Example: Multiple subprojects

Lets say that we have a project that contains multiple subprojects, and some of these subprojects need to access some information that is at their same level (sibling folders). Each subproject would be a Conan package.

So we have the following folders and files:

├── pkg
│    ├── conanfile.py
│    ├── app.cpp  # contains an #include "../common/myheader.h"
│    └── CMakeLists.txt # contains include(../common/myutils.cmake)
├── common
│    ├── myutils.cmake
│    └── myheader.h
└── othersubproject

The pkg subproject needs to use some of the files located inside the common folder (that might be used and shared by other subprojects too), and it references them by their relative location. Note that common is not intended to be a Conan package. It is just some common code that will be copied into the different subproject packages.

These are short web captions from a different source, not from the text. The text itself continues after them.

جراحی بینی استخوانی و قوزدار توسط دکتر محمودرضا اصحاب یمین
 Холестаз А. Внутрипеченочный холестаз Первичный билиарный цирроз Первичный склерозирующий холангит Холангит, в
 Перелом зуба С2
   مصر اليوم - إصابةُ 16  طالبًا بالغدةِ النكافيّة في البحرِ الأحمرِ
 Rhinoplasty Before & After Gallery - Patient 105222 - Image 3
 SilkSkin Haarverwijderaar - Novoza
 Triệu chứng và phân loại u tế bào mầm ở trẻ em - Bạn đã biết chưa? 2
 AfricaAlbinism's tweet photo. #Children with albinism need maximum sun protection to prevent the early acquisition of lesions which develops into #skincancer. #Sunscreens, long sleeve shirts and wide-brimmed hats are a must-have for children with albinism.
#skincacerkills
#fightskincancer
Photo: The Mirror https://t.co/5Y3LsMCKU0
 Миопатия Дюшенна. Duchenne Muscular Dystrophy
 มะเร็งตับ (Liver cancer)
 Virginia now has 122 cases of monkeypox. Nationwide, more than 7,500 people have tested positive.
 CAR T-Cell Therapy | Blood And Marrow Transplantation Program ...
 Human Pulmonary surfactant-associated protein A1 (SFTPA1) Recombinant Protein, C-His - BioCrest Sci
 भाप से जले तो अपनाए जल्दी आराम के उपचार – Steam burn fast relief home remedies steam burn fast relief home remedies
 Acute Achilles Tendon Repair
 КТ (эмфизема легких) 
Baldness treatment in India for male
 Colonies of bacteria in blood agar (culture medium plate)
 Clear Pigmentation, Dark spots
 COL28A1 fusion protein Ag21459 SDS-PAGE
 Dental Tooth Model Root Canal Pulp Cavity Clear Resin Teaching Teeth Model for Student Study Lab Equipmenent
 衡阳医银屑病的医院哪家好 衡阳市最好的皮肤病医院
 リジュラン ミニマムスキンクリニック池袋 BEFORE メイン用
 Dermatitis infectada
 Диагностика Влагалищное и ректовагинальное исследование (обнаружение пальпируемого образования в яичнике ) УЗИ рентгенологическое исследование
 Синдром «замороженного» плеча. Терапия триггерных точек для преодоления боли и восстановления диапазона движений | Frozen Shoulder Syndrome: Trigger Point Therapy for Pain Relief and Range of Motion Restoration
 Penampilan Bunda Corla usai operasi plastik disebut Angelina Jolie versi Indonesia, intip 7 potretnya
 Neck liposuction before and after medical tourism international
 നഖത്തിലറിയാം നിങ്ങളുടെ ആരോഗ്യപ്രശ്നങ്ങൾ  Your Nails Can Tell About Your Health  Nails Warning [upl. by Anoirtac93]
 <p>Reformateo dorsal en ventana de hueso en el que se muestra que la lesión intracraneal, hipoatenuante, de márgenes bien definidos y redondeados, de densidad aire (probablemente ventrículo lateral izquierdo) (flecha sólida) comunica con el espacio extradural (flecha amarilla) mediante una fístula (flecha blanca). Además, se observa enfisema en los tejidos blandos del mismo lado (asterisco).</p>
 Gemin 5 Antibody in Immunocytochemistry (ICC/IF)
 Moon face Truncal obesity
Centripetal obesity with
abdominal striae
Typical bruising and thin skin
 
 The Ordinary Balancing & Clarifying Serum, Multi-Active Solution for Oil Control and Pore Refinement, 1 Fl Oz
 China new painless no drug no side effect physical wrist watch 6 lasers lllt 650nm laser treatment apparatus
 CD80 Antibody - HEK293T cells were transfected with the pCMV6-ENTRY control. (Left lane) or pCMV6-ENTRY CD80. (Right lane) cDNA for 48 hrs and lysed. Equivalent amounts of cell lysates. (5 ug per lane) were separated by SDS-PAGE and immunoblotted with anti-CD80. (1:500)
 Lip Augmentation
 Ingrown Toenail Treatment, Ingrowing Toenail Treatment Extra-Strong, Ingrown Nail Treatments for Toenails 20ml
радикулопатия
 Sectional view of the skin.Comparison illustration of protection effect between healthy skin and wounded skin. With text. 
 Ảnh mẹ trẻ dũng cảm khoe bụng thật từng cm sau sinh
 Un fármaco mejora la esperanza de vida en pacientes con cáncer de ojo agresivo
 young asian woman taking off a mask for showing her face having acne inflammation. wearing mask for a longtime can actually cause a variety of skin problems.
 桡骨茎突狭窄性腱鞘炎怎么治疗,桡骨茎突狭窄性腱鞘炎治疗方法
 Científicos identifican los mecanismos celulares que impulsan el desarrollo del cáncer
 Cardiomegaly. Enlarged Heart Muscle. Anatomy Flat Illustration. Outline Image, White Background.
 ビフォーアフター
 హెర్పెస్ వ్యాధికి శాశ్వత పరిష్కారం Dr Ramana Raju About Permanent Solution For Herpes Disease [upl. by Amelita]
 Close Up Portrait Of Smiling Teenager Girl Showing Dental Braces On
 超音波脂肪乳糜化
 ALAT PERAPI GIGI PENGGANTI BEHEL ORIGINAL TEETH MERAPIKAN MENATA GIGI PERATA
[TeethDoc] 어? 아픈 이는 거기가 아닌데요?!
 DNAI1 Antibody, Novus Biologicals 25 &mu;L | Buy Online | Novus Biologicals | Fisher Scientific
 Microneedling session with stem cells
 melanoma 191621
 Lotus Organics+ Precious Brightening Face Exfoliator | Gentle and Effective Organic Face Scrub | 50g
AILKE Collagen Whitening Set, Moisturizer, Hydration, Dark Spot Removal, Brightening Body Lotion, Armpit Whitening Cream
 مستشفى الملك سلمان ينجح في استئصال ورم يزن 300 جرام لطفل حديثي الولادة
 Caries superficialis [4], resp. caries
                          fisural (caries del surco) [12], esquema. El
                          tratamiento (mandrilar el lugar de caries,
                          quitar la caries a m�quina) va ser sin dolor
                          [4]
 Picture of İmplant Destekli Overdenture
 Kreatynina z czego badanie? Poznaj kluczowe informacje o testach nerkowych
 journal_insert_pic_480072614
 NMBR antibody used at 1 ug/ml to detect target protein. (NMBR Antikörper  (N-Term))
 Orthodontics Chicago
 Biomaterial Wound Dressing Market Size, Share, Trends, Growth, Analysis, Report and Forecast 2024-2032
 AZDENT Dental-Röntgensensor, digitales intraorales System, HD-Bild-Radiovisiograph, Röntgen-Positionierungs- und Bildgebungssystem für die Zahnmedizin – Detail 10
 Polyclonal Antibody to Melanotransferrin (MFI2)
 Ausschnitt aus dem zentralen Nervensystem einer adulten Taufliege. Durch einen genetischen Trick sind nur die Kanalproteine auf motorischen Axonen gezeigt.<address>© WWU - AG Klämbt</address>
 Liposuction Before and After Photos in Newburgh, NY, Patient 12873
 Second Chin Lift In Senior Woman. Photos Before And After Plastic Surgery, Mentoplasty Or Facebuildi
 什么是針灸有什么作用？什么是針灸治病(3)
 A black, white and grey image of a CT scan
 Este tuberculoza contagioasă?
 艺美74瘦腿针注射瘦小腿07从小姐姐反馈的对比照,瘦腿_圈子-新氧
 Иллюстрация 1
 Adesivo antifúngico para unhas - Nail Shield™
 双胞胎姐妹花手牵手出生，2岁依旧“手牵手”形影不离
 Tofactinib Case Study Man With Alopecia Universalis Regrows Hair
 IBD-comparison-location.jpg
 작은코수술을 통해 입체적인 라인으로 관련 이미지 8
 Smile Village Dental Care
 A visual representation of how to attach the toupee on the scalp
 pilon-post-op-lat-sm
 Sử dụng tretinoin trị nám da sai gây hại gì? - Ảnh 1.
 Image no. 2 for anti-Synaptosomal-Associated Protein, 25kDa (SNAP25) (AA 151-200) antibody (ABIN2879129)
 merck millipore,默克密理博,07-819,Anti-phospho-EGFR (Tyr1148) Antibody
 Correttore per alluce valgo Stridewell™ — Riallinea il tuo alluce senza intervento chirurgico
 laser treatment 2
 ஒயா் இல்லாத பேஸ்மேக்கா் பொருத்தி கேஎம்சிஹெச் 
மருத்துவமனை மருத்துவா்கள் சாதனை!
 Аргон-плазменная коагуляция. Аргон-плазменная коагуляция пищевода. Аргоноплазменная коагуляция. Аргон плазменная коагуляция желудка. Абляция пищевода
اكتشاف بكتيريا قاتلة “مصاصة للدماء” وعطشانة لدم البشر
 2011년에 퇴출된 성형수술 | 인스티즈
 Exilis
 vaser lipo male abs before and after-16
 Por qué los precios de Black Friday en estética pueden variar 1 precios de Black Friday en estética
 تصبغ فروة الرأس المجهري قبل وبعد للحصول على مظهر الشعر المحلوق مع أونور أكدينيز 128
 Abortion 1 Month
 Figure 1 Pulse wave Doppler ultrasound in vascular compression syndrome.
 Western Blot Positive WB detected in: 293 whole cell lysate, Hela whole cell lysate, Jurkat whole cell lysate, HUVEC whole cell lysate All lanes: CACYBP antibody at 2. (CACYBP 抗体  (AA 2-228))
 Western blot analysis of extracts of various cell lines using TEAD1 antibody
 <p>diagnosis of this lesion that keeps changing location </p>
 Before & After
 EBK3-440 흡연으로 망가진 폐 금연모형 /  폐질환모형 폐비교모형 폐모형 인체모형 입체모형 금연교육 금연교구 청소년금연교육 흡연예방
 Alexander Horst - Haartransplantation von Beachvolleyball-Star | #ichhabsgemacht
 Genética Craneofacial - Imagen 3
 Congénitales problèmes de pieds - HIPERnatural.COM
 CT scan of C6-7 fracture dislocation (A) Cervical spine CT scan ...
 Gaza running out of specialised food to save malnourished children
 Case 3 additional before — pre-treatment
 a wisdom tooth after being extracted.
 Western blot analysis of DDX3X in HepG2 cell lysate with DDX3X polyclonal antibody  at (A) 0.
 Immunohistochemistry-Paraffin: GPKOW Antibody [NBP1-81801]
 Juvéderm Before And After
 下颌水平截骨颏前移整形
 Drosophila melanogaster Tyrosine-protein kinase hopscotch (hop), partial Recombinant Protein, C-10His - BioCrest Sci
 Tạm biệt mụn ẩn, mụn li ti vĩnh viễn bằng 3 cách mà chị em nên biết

We can use the self.folders.root = ".." layout specifier to locate the root of the project, then use the self.folders.subproject = "subprojectfolder" to relocate back most of the layout to the current subproject folder, as it would be the one containing the build scripts, sources code, etc., so other helpers like cmake_layout() keep working.

import os
from conan import ConanFile
from conan.tools.cmake import cmake_layout, CMake
from conan.tools.files import load, copy, save

class Pkg(ConanFile):
    name = "pkg"
    version = "0.1"
    settings = "os", "compiler", "build_type", "arch"
    generators = "CMakeToolchain"

    def layout(self):
        self.folders.root = ".."
        self.folders.subproject = "pkg"
        cmake_layout(self)

    def export_sources(self):
        source_folder = os.path.join(self.recipe_folder, "..")
        copy(self, "*", source_folder, self.export_sources_folder)

    def build(self):
        cmake = CMake(self)
        cmake.configure()
        cmake.build()
        self.run(os.path.join(self.cpp.build.bindirs[0], "myapp"))

Note it is very important the export_sources() method, that is able to maintain the same relative layout of the pkg and common folders, both in the local developer flow in the current folder, but also when those sources are copied to the Conan cache, to be built there with conan create or conan install --build=pkg. This is one of the design principles of the layout(), the relative location of things must be consistent in the user folder and in the cache.